Captioned web images
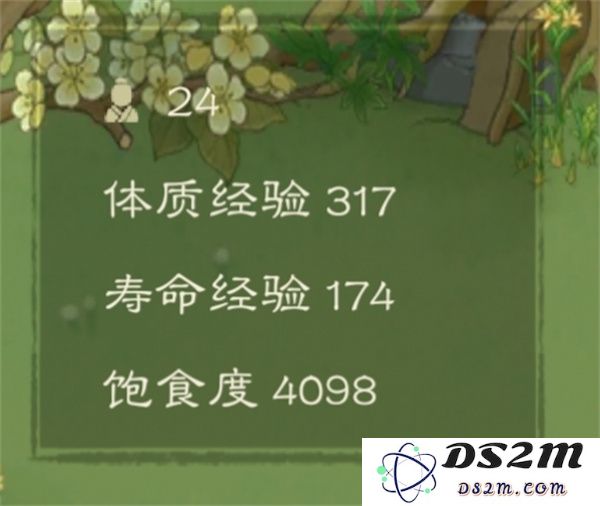 桃源记2最新体质提升技巧与攻略的全面分享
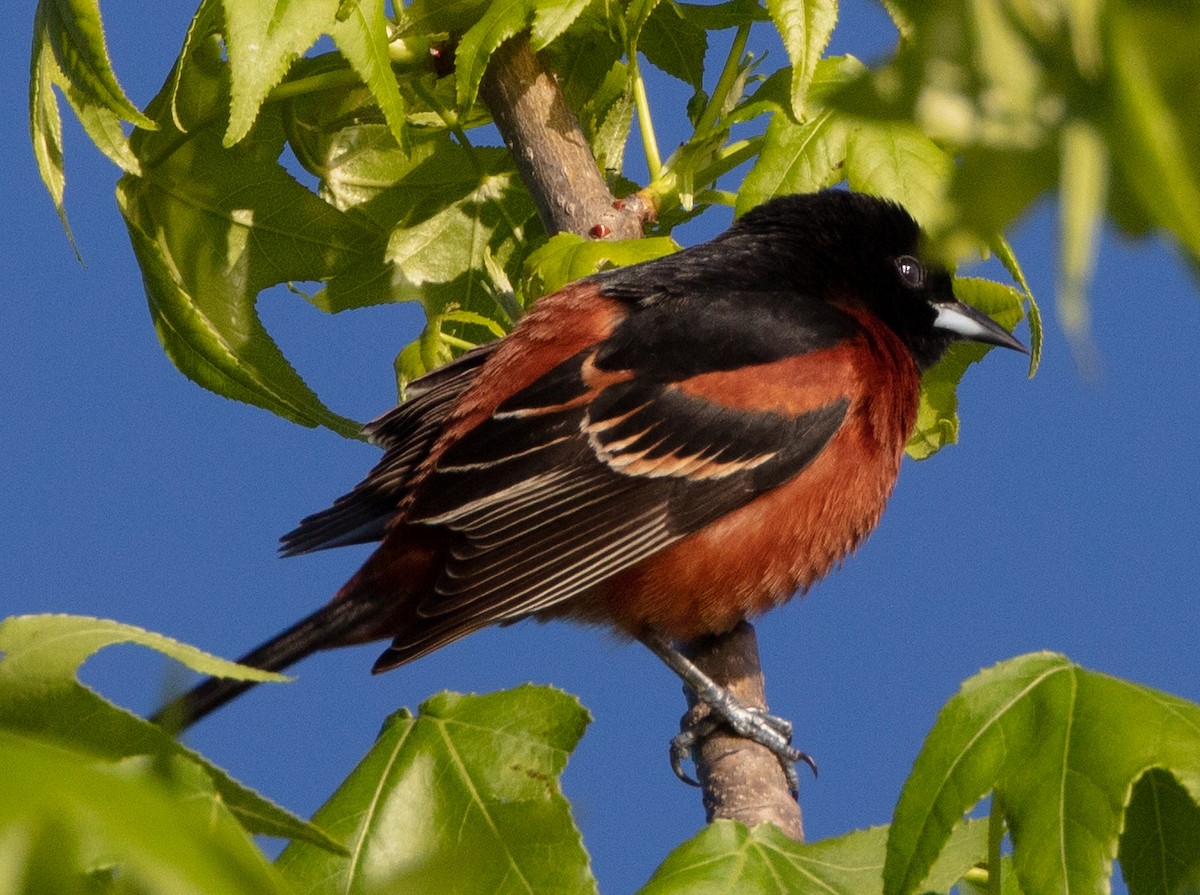 Orchard Oriole - ML154459861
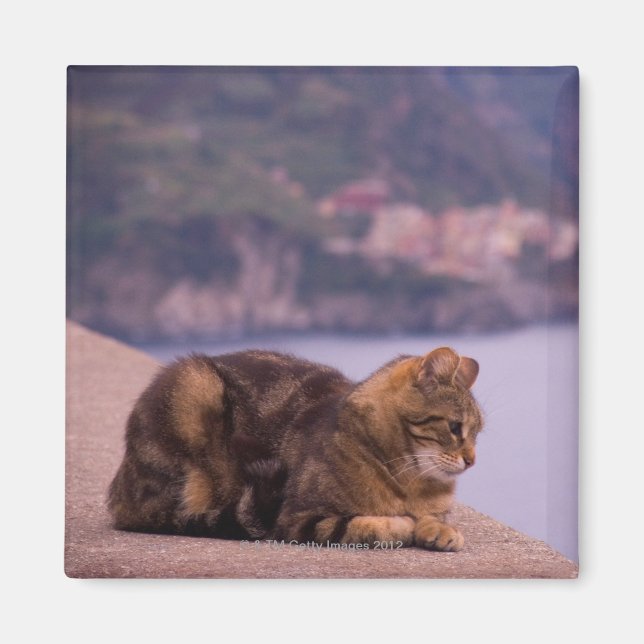 Íman Corniglia, Cinque Terre, Itália (Frente)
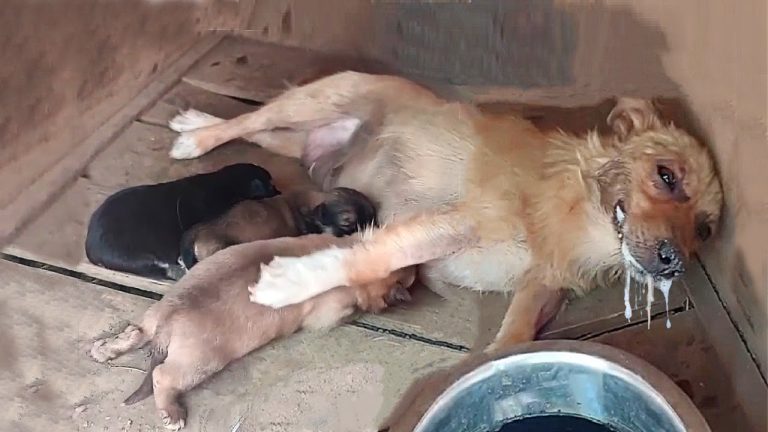 “Please save my puppies”, the poisoned mother dog spend her last energy begging to save her babies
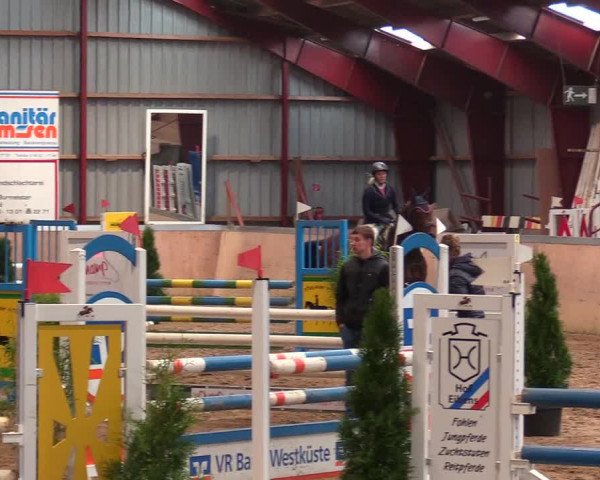 Reitturnier Behrendorf 2021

### Task directions:
Restate word for word the lines from the one holding "save her babies" down through the last line of the records above, and do not include the pictures.

### Exercise output:
 “Please save my puppies”, the poisoned mother dog spend her last energy begging to save her babies
 Reitturnier Behrendorf 2021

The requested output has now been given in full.